Lizard Chats: Seeing as our little friend sees it.
Hello Al,
Not too sure if this is the way to ask a question about this article: Safety and The Lizard: The Essay. In any case, here is my question, as I feel challenged by this concept.
At the end of your article, you give a quick fix: to confuse that lizard. I think I understand the goal of this: to make one feel safe with your partner, so your Lizard won’t react so much in a panic mode as the chances are it’s reacting passionately to the 95% history part of that person. If you find yourself with a partner with whom you have not felt safe for many reasons such as being lied to or manipulated over and over by that partner (yes, I do understand that this partner may lie because he does not feel safe himself to tell the truth), isn't it kind of dangerous to confuse your own lizard should you be in a relationship with a partner who chooses to be manipulative? That partner may do a lot of these caring behaviors so your lizard do get confused and then does not become aware when there is danger/unsafe situation? Isn’t it training your lizard to not go in panic mode when it should?

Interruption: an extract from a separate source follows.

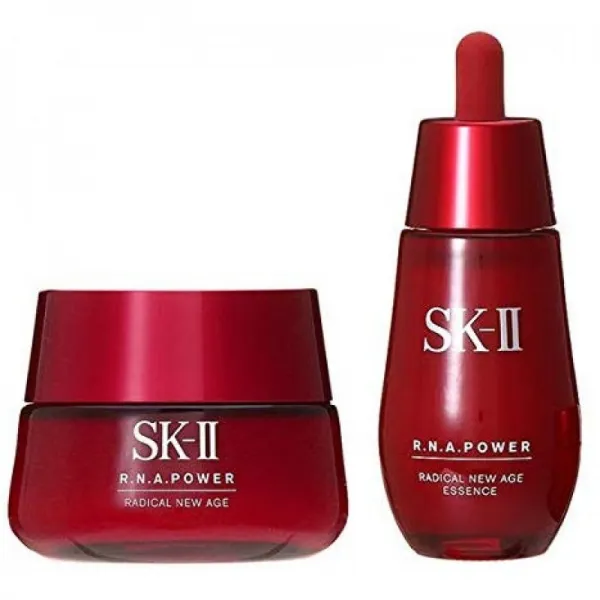 SK-II R.N.A. 파워 급진적 뉴 에이지 세트 (R.N.A. 파워 급진적 뉴 에이지 80g + R.N.A. 파워 급진적 뉴, 1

I probably did not understand the concept fully. Please explain. Thank you.
Minou
Dear Minou,
Darn glad you are engaging with this topic. Let's see if I can clarify. The way I see it, the Lizard is all about survival, even when survival is not at stake. The Lizard's reactions (Flee, Freeze, Submit, Fight) are frequently crude, panicky, frenzied, and often not the best "thing to do." I like the idea that we want to set aside "Reaction" and become more "Reflective" about how to solve a situation.
I think the Lizard gives us crude and immediate clues in a situation it thinks is dangerous and which may be. I think one should never ignore one's Lizard. But I prefer to a) hear its warning and b) choose a wise way of dealing with the situation I am facing.
When I speak of "fooling" the Lizard, I am referring to getting a bit of reflective time – time to come up with a healthy and long-term solution to the situation.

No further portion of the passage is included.